Educated at the Historically Black College of Lincoln University in Pennsylvania, Nkrumah became involved in the Pan-African movement in the United States during the 1930s and 1940s as a leading
member of the African Students Association (ASA), the Council on African Affairs (CAA) as well as other organizations. After leaving the United States at the conclusion of World War II in 1945,
he played a leading role in the convening of the historic Fifth Pan-African Congress in Manchester, England-a gathering which is credited with laying the foundation for the mass struggles for
independence during the 1940s and 1950s.
It was during his stay in England between 1945-47, that he collaborated with George Padmore of Trinidad, a veteran activist in the international communist movement and a journalist who wrote extensively on African affairs.
Nkrumah was offered a position with the United Gold Coast
Convention (UGCC) as an organizer in late 1947 and made a critical
decision to return to the Gold Coast (later known as Ghana) to assist in the anti-colonial struggle that was intensifying in the aftermath of World War II.
After being imprisoned with other leaders of the UGCC for
supposedly inciting unrest among WWII veterans, workers and farmers in the colony, he gained widespread popularity among the people who responded enthusiastically to his militant and fiery approach to the burgeoining anti-imperialist movement. After forming the Committee on Youth Organization (CYO) which became the best organized segment of the UGCC, Nkrumah was later isolated from the top leadership of the Convention, who objected to his demands for immediate political independence for the Gold Coast.
On June 12, 1949, Nkrumah and the CYO formed the Convention Peoples Party in Accra at a mass gathering of tens of thousands of people, who were prepared to launch a mass struggle for the abolition of British colonial rule in the Gold Coast. During this same period, Nkrumah formed links with other anti-colonial and Pan-African organizations that were operating in the other colonies of west Africa. When the CPP called for a Positive Action Campaign in early 1950, leading to massive strikes and rebellion throughout the colony, he was imprisoned by the colonial authorities for sedition. However, the executive members of the CPP continued to press for the total independence of the colony, eventually creating the conditions for a popular election in 1951, that the CPP won overwhelmingly.

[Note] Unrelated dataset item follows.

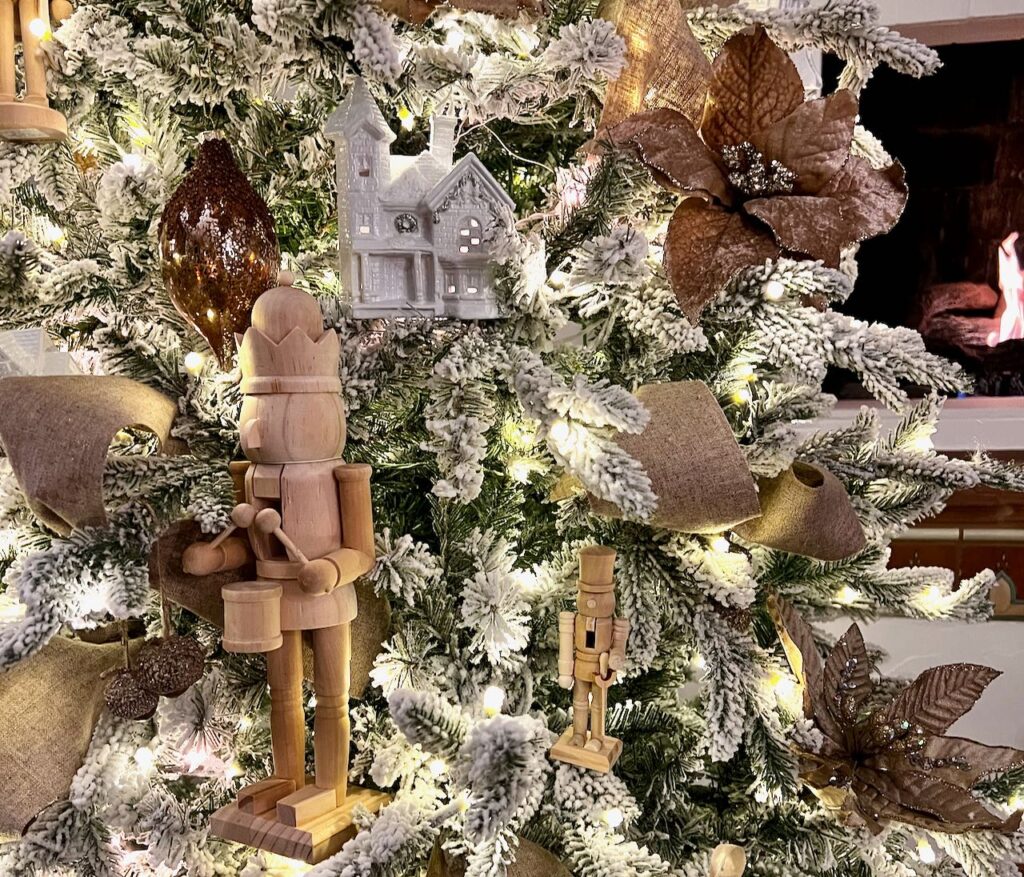 closeup of the decorations on a flocked Christmas tree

In February of 1951, Nkrumah was released from prison in Ghana and appointed Leader of Government Business in a transitional arrangement that eventually led to the independence of Ghana on March 6, 1957.
At the independence gathering on March 6, Nkrumah declared that the independence of Ghana was meaningless unless it was directly linked with the total liberation of the continent. This statement made by Prime Minister Nkrumah served as the cornerstone of Ghanaian foreign policy during his tenure as leader of the country.
George Padmore became the official advisor on African affairs and was placed in charge of the Bureau of African Affairs, whose task it was to assist other national liberation movements on the continent in their efforts to win political independence.
In April of 1958, the First Conference of Independent African States was convened, with eight nation-states as participants. This gathering broke down the colonially imposed divisions between Africa north and south of the sahara.
Later that same year in December, the first All-African Peoples
Conference was held in Accra, which brought together 62 national liberation movements from all over the continent as well as representation from Africans in the United States. It was at this conference in December of 1958, that Patrice Lumumba of Congo became an internationally recognized leader of the anti-colonial struggle in that Belgian colony.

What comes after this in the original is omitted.